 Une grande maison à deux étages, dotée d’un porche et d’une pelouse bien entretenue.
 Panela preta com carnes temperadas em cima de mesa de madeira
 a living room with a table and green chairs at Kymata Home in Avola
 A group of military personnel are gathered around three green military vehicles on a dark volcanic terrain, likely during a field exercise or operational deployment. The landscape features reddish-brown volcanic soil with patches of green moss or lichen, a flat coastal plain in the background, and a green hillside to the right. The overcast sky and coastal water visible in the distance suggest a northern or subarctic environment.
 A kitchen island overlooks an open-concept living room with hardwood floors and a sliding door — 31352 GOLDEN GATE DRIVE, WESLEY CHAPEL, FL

┄┄┄┄┄┄

**Task statement:**
Your answer should be the lines from the one containing "a living room" through the last line of the records, repeated exactly and with nothing added.

**Finished task:**
 a living room with a table and green chairs at Kymata Home in Avola
 A group of military personnel are gathered around three green military vehicles on a dark volcanic terrain, likely during a field exercise or operational deployment. The landscape features reddish-brown volcanic soil with patches of green moss or lichen, a flat coastal plain in the background, and a green hillside to the right. The overcast sky and coastal water visible in the distance suggest a northern or subarctic environment.
 A kitchen island overlooks an open-concept living room with hardwood floors and a sliding door — 31352 GOLDEN GATE DRIVE, WESLEY CHAPEL, FL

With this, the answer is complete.